The Wall Street Journal

China’s Myth of Communist Competence

Xi Jinping was preparing to dominate the globe. Instead, he faces one crisis after another at home.

SHANGHAI, CHINA - DECEMBER 08: Travellers walk out of Shanghai Railway Station as Shanghai no longer requires people who return to this city to undergo nucleic acid testing upon their arrival on December 8, 2022 in Shanghai, China. (Photo by VCG/VCG via Getty Images)
Travelers walk out of Shanghai Railway Station on December 8, 2022, in Shanghai, China. (VCG via Getty Images)

Xi Jinping doubtless expected to celebrate the New Year by touting the superiority of his authoritarian economic and governance model. Instead, he is trying to manage a healthcare crisis, a weakening economy, and political protests. These vulnerabilities—each attributable to the Chinese Communist Party under Mr. Xi’s leadership—allow the US to combat the party’s mercantilist policies and debunk its narrative that China’s rise to global dominance is inevitable.

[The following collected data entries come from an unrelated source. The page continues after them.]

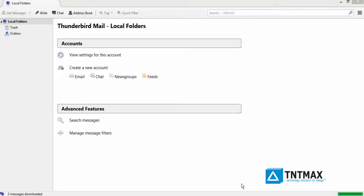Welcome to the TNT Max tutorial videos. In this video, I will show you how to set up your MaxML account using Mozilla Thunderbird through an IMAP server.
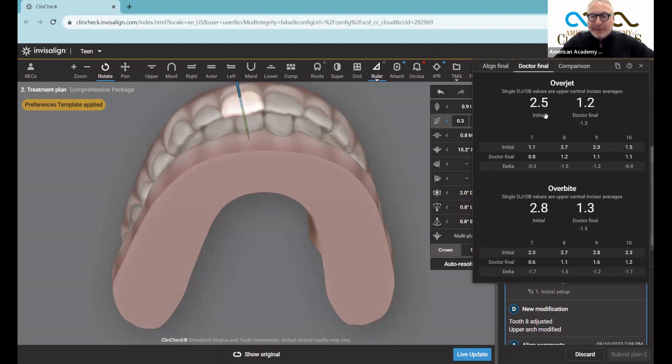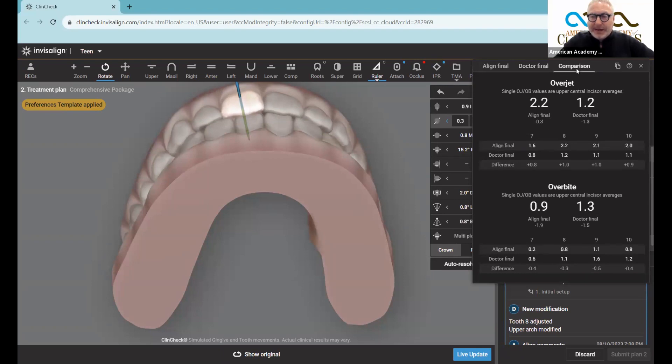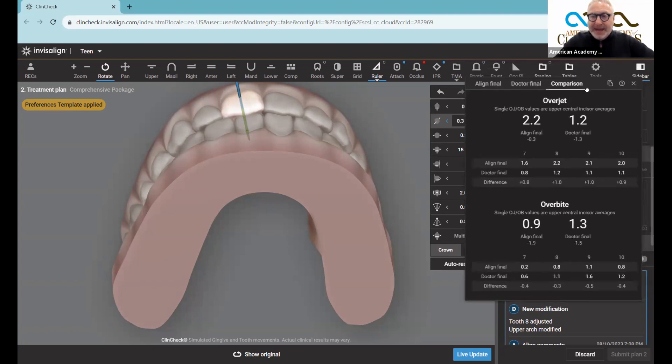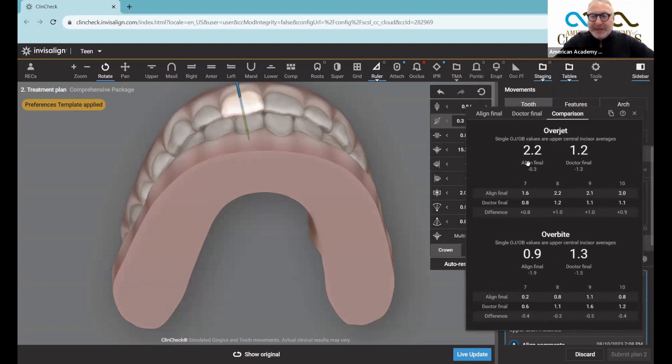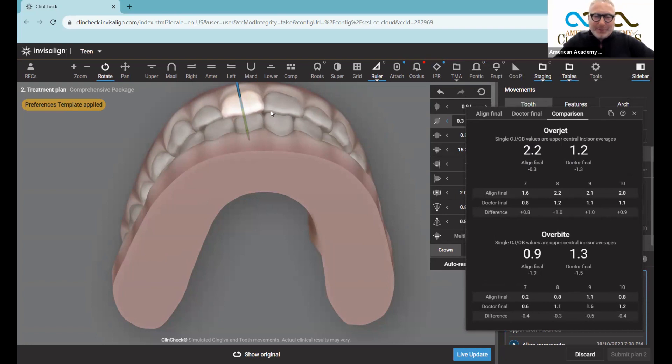So I always like to look and see what the initial overjet was and what the doctor final overjet was, and you can kind of compare it like that. This Invisalign created an overjet that was 2.2, I created an overjet that was 1.2. I don't want to actually do that because it'd be an edge to edge bite, but just wanted to demonstrate the point.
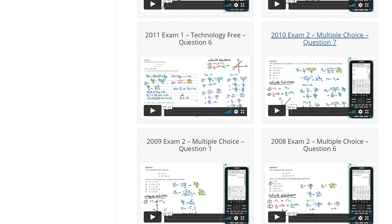Don't forget to check out my other videos to learn how you can find the values of m that will have no solutions or a unique solution for a simultaneous equation. I hope this video helped, and I'll see you guys in the next video.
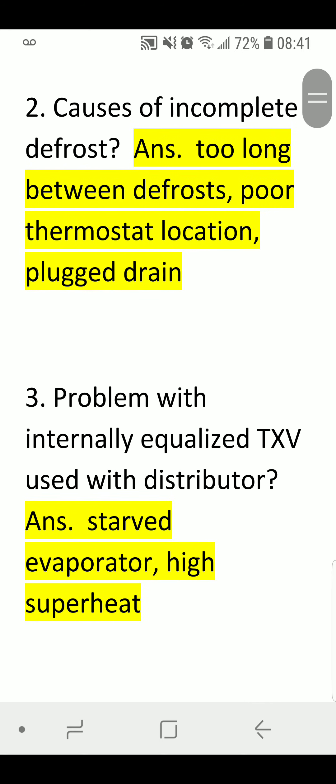Causes of Incomplete Defrost. Answer: Too long between defrost, poor thermostat location, and plugged drain.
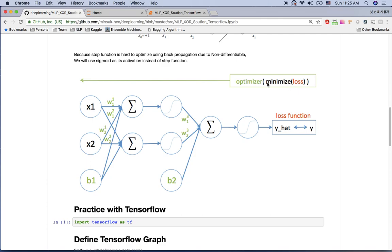The loss function compares our prediction y-hat with the real y value, and the gradient descent optimizer will minimize the loss function and update the weight values and bias values using backpropagation. The green-colored values — all the weights and biases — will be updated each epoch so the architecture learns to solve the XOR problem.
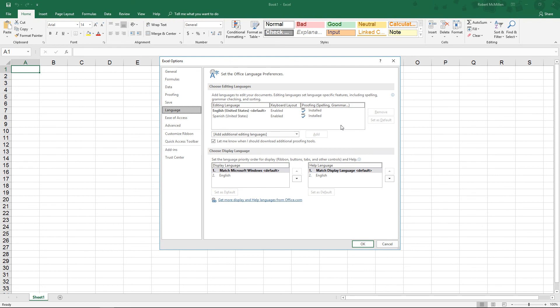You can also go into the control panel and add an additional keyboard if you're going to use a keyboard that's different than the standard English United States keyboard. And that can also assist you in typing your other language. So that's how you add an additional language into Excel 2019.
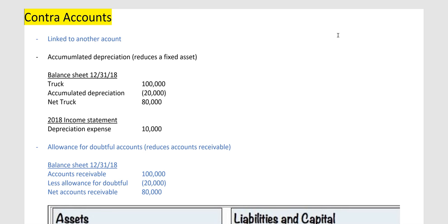I'm going to talk about contra-accounts. Contra-accounts may be advanced for some people, so you may want to learn some remedial things first. I'm going to assume a lot of things in this video, so let me just dive right into it.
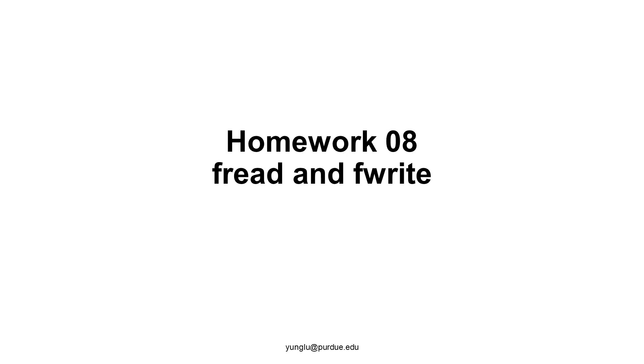This explains the 8th homework assignment. For this assignment, you need to write a program that can read and write arrays of objects using fread and fwrite.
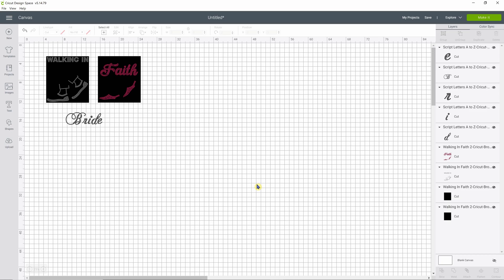Hi everyone, this is Lori from MyFileAddiction. Today I'm going to show you how to change a design from an all SS10 design to an all SS6 design. We're going to use your contour function, which is in the lower right hand corner. Right now it's not lit up, but that's the feature we're going to use.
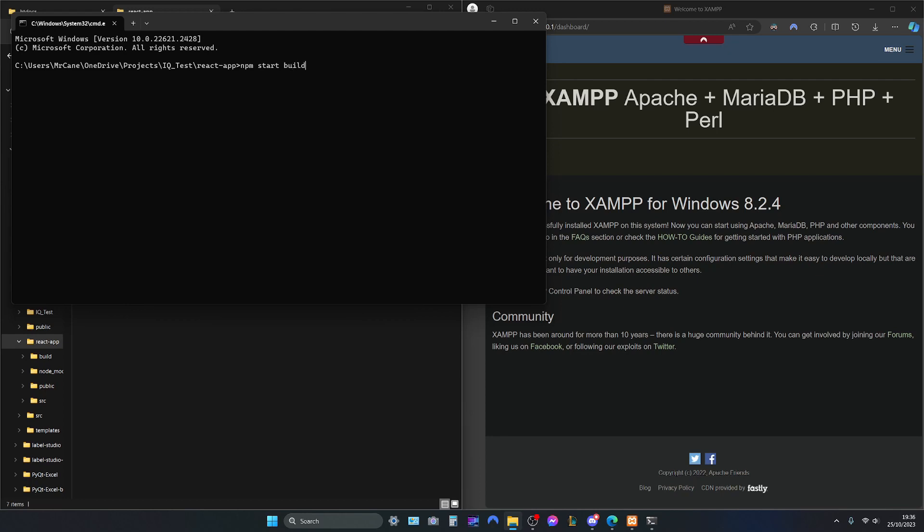And after we type this command, it will take a little while. And what we will end up with is the build folder.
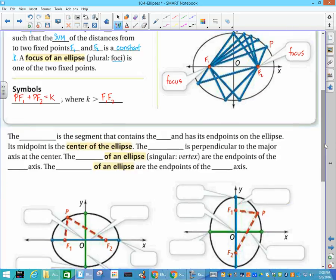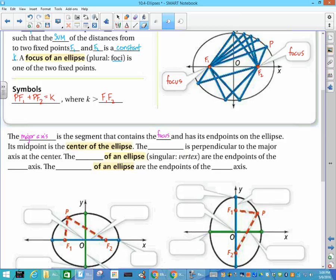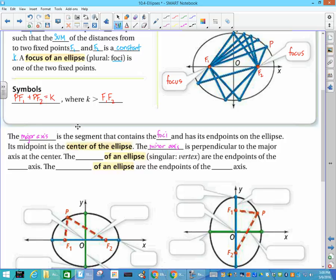Some other characteristics we need to know about the ellipse: we always have two axes. The major axis is the segment that contains the foci, with endpoints on the ellipse; its midpoint is always the center of the ellipse. The minor axis is perpendicular to the major axis at the center — they always intersect at the center. The major axis will always be longer than the minor axis. The vertices of an ellipse are the endpoints of the major axis.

Mr. Xi’s climb-down from his signature zero-COVID policy, and the broad and poorly controlled spread of the virus, has exposed the weaknesses of China’s social safety net. The public demonstrations since November are signs of underlying discontent. The participation of the well-off and normally passive urban populations affirms that Mr. Xi can’t expect to maintain political control if he continues to impose such authoritarian restrictions.